The present disclosure relates to a connection structure and a connection method for superconducting quantum chips, and specifically relates to the technical field of superconducting quantum chip.

BACKGROUND

As the technology of superconducting quantum chips gradually advances, the number of quantum bits integrated into superconducting quantum chips have been increasing significantly. However, limited by factors such as wafer area, yield, and control line fan-out, it is becoming increasingly difficult to integrate more quantum bits onto a single chip. To further integrate more superconducting quantum bits, it is possible to connect multiple superconducting quantum chips in a modular way to form a larger-scale distributed quantum processor. For interconnecting superconducting quantum chips, it is required to use low-loss channels to prevent decoherence. In this process, an appropriate connection method must be selected for reducing channel loss while achieving a stronger coupling.

Current technologies for interconnecting the superconducting quantum chips typically employ superconducting coaxial lines made of niobium-titanium alloy for bonding or crimping connections with the superconducting quantum chips. This connection method results in relatively high channel loss and low quality factors at the single-photon energy level (e.g., 5.1×10⁴). Additionally, the capacitive coupling of crimping connections is relatively weak (e.g., around 1 MHz). Furthermore, contact resistance at the interface of different metal bonding connections can also cause a certain amount of energy loss.

SUMMARY

To address the aforementioned issues, the objective of the present disclosure is to provide a connection structure and a connection method for superconducting quantum chip that not only significantly reduces channel loss but also minimizes energy loss at the bonding connection interface.

To achieve this objective, the technical solutions proposed by the disclosure are shown as follows:

First Aspect: The disclosure provides a superconducting quantum chip connection structure for interconnecting superconducting quantum chips. The superconducting quantum chips comprise quantum substrates and quantum circuits. The connection structure includes:

• • a connection portion used to connect the superconducting quantum chips,
  • a current conversion portion mounted on the quantum substrates, wherein it is used to bond the quantum circuits and the connection portion, ensuring that the standing wave current of the communication standing wave mode at the bonding connection interface is close to zero.

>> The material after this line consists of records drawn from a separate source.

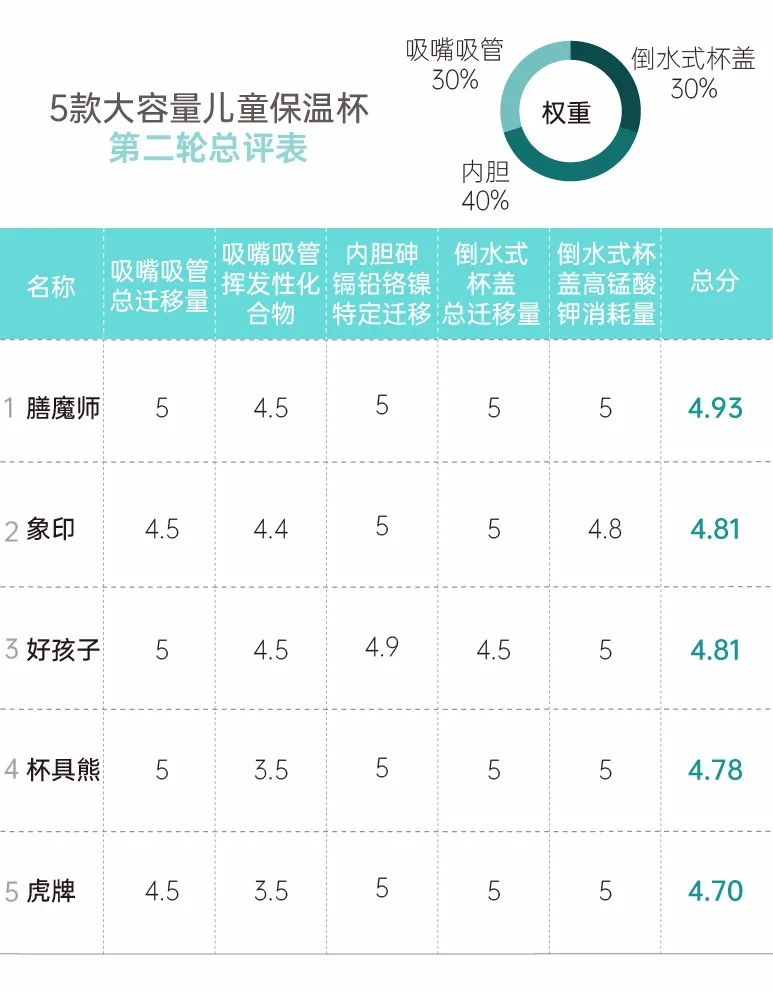 12款大容量儿童保温杯评测：99块和389块的，差别在哪里？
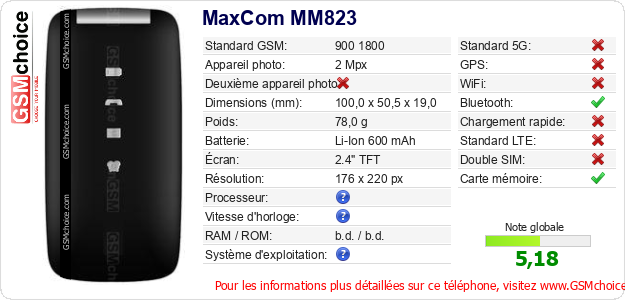 MaxCom MM823 Fiche technique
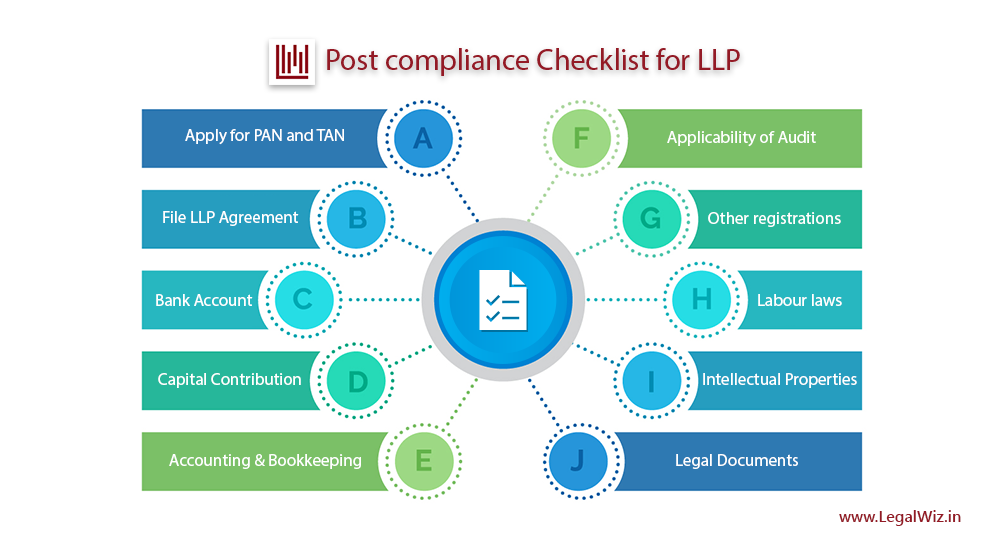 Post Registration Compliance Checklist for an LLP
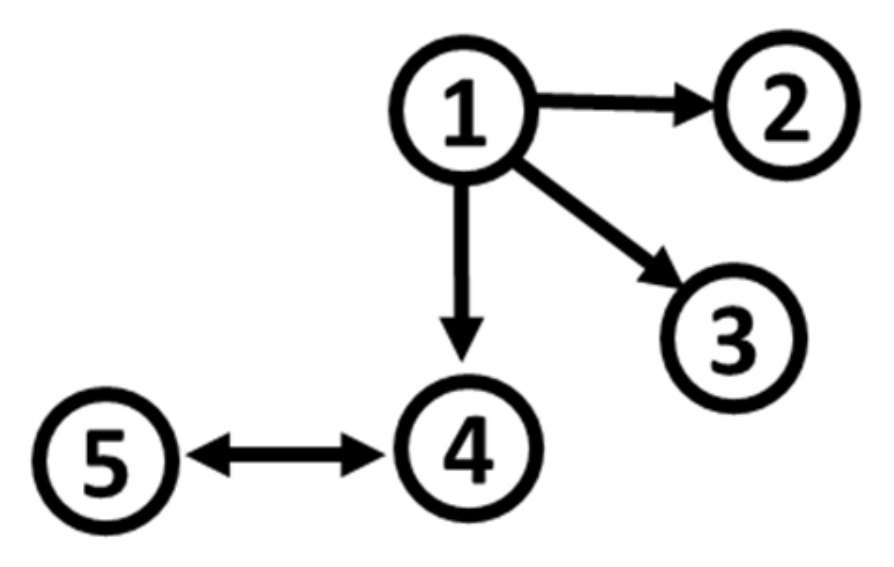 Entropy 22 01139 g002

For the superconducting quantum chip connection structure, the connection portion further employs a coplanar waveguide transmission line, which is situated on the superconducting quantum chips and comprises metal conductor strips and ground conductor strips. When different superconducting quantum chips are connected, the metal conductor strips and ground conductor strips on different superconducting quantum chips are correspondingly connected.

For the superconducting quantum chip connection structure,, the connection portion further employs an aluminum coaxial cable, comprising an inner conductor layer, an insulating layer, and an outer conductor layer, the inner conductor layer and an outer conductor layer are arranged coaxially. The inner conductor layer transmits high-level signals, while the outer conductor layer transmits low-level and serves as a shield. Both the inner and outer conductor layers are made of pure aluminum or aluminum alloy.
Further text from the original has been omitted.